[Provided material]
:::

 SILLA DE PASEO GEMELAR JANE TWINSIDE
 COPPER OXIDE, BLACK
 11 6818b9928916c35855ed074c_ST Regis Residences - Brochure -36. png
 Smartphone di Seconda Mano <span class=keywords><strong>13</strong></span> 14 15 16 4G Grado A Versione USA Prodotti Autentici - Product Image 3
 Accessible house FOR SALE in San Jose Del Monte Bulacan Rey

:::

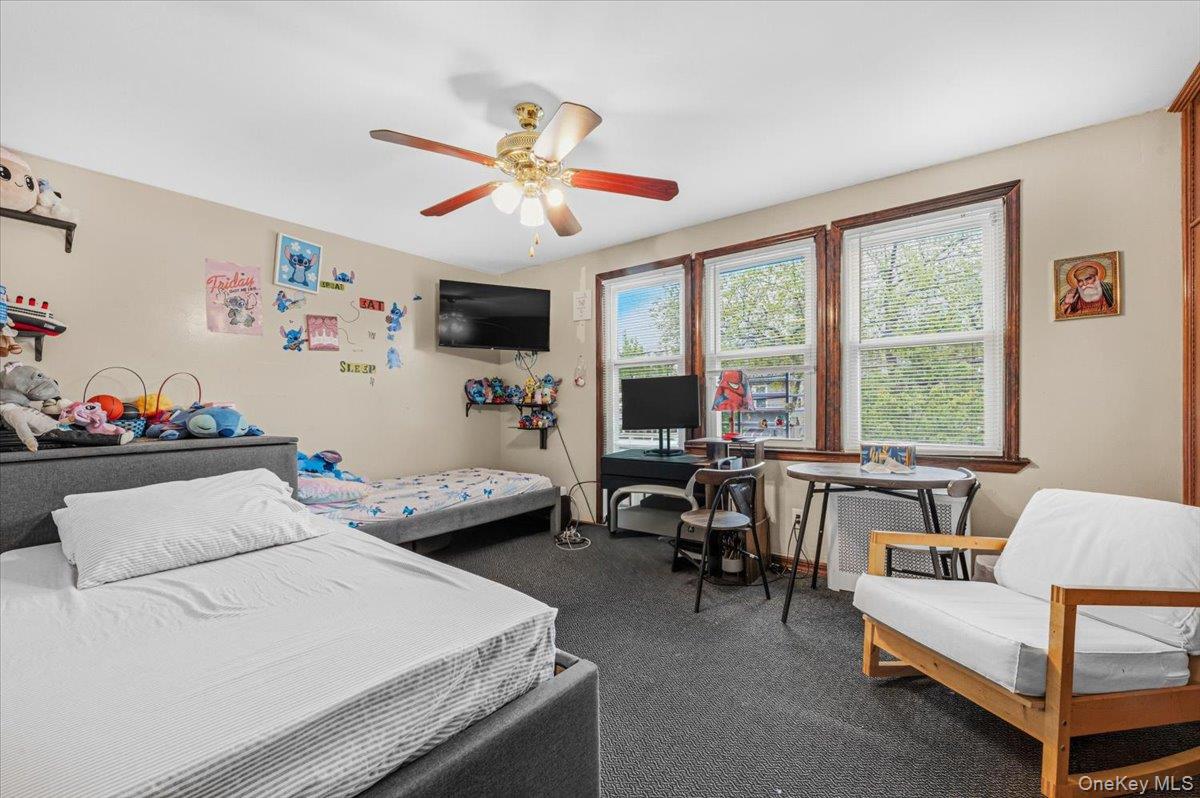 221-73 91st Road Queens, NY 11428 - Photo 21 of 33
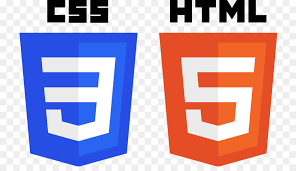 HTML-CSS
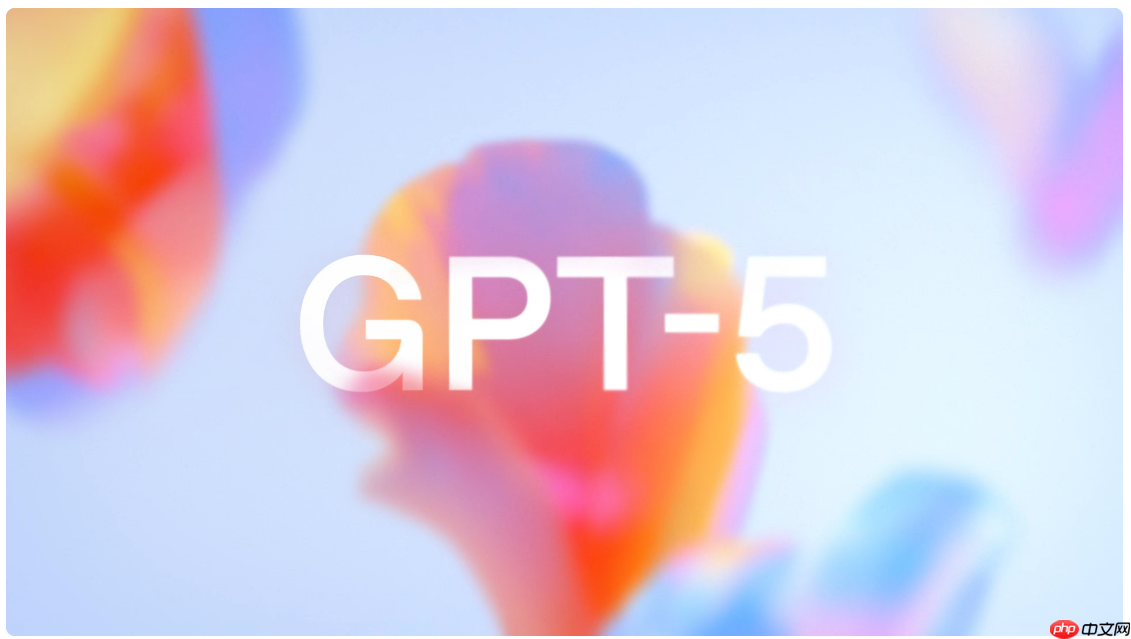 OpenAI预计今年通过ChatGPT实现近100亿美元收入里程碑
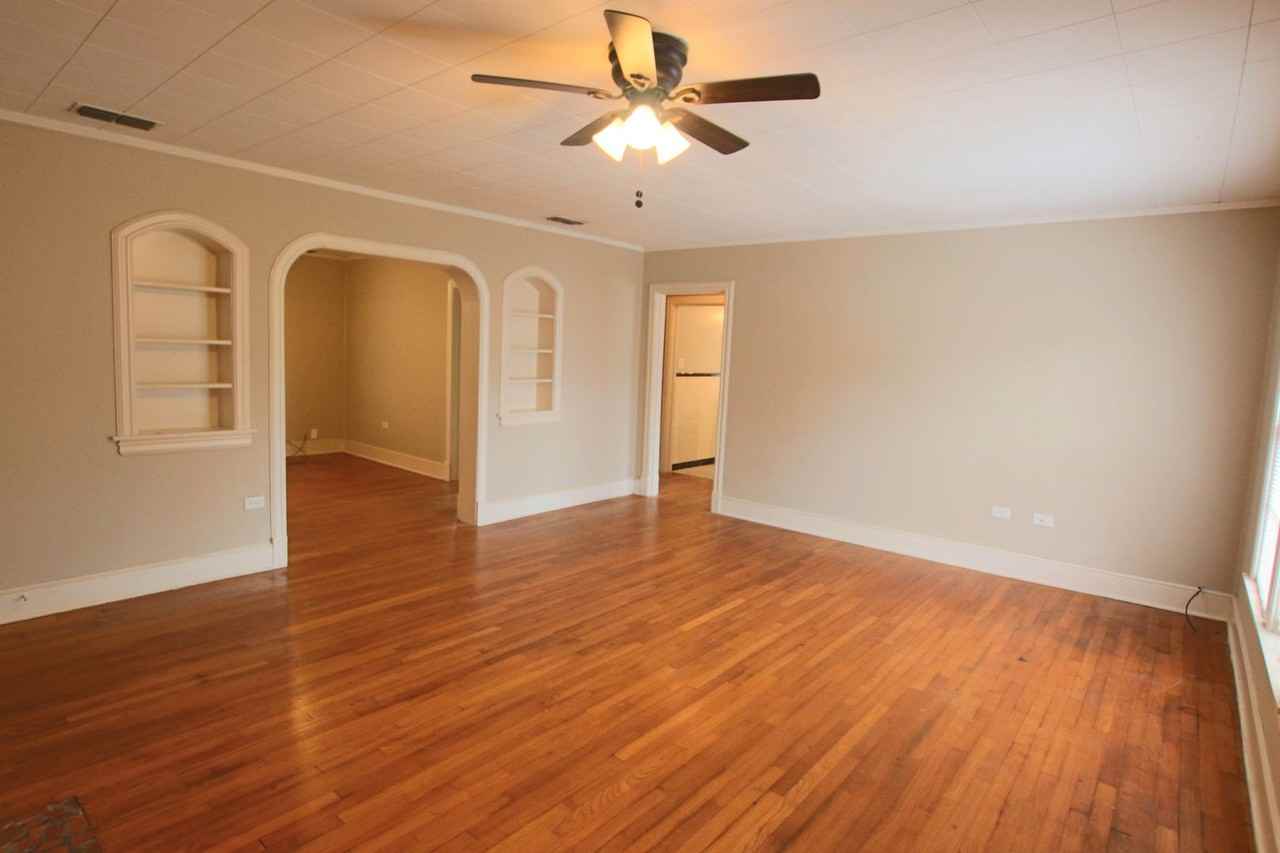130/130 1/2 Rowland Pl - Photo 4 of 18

:::

[Exercise aim] Starting at the line above that contains "SILLA DE PASEO GEMELAR JANE TWINSIDE", repeat each line exactly up to and including the line that contains "11 6818b9928916c35855ed074c_ST Regis", and stop there.

[Response for this exercise]
 SILLA DE PASEO GEMELAR JANE TWINSIDE
 COPPER OXIDE, BLACK
 11 6818b9928916c35855ed074c_ST Regis Residences - Brochure -36. png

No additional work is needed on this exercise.